Je suis moi aussi très étonné par cet amendement du Gouvernement, car je garde un souvenir précis des débats précédents.
Nous avons évoqué la question lors de l’examen d’un projet de loi de simplification. J’ai entre les mains le compte rendu de la séance au cours de laquelle il nous a été dit avec force par plusieurs orateurs, notamment par M. Hyest, président de la commission des lois, qu’il était nécessaire d’en discuter dans le cadre non pas d’une loi de simplification, mais du projet de loi à venir sur la bioéthique. Nous y sommes !
Je veux aussi souligner l’admirable travail accompli par les services du Médiateur de la République depuis plus de deux ans sur ce sujet. §Ils ont bien voulu associer Jean-Pierre Godefroy et moi-même à leurs réflexions.
Il apparaît de manière extrêmement claire au Médiateur de la République, saisi de nombreuses situations concrètes, que la position de la Cour de cassation ouvre la voie à une obligation de légiférer. Faute de loi – d’ailleurs, cela a été explicitement dit, comme l’a rappelé Jean-Pierre Godefroy –, nous sommes dans une situation de grande incertitude.
Je veux soutenir avec beaucoup de force la position de la commission des affaires sociales. Je remercie d’ailleurs M. le rapporteur pour avis de la commission des lois d’avoir bien voulu préciser qu’il s’exprimait à titre personnel puisque cette commission n’a pas été saisie de l’amendement du Gouvernement.
À l’évidence, il est aujourd’hui nécessaire d’inscrire dans la loi une définition juridique de la notion de viabilité. Cette notion conditionne en effet le type d’acte d’état civil établi pour l’enfant sans vie et constitue l’un des deux critères conduisant à lui conférer la personnalité juridique.
Or décider qui, en droit, est une personne ou ne l’est pas, ne peut être laissé à l’appréciation diverse des médecins, des juges ou des circulaires. Cela relève, à l’évidence, de la loi.
J’ajoute que la notion de viabilité détermine une série de droits d’ordre civil, social et pénal. Elle intervient en outre dans quatre articles du code civil, à savoir les articles 79-1, 318, 725 et 906.
Je rappelle que la viabilité conditionne un certain nombre de droits sociaux. L’enfant né mort et viable ouvre droit au congé de maternité et, depuis peu, au congé de paternité, dans les conditions définies par le décret et l’arrêté du 9 janvier 2008. Jusqu’à présent, la sécurité sociale comprenait cette notion de viabilité par référence aux critères de la circulaire de 2001. Celle-ci étant invalidée pour défaut de base légale, les organismes sociaux sont conduits à accorder ces congés quel que soit le niveau de développement du fœtus décédé puisqu’ils ne peuvent plus invoquer de texte juridique justifiant de limiter l’octroi de ces prestations sociales aux enfants nés sans vie ayant atteint un certain stade de développement.

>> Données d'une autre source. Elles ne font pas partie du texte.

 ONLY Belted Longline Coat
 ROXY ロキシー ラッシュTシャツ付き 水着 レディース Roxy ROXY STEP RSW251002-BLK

C’est ce qui a été clairement précisé par le Médiateur de la République, saisi, je le répète, de nombreuses situations.
Jean-Pierre Godefroy a parlé des aspects pénaux ; je n’y reviens pas.
Enfin, je précise que l’absence de définition juridique de la viabilité est source de contentieux et de dérives.
À défaut de critères objectifs de viabilité ayant force juridique, la procédure mise en place conduit à transférer la responsabilité de la prise de décision au corps médical au cas par cas, alors que c’est un sujet qui relève d’une décision de politique publique.
L’absence de décision législative est d’ailleurs source d’une inégalité de traitement entre les familles concernées.
Enfin, les critères de viabilité définis par l’OMS et repris par le texte de la commission font l’objet d’un large consensus, et il est tout à fait exact que des dispositions similaires existent dans pratiquement tous les pays d’Europe. Du reste, la France est devenue, depuis l’invalidation des circulaires de 2001 et 2008, le seul État dans lequel ces critères ne sont définis dans aucun texte législatif.
Voilà toutes les raisons pour lesquelles je crois très profondément qu’il faut soutenir la position de la commission des affaires sociales et rejeter cet amendement.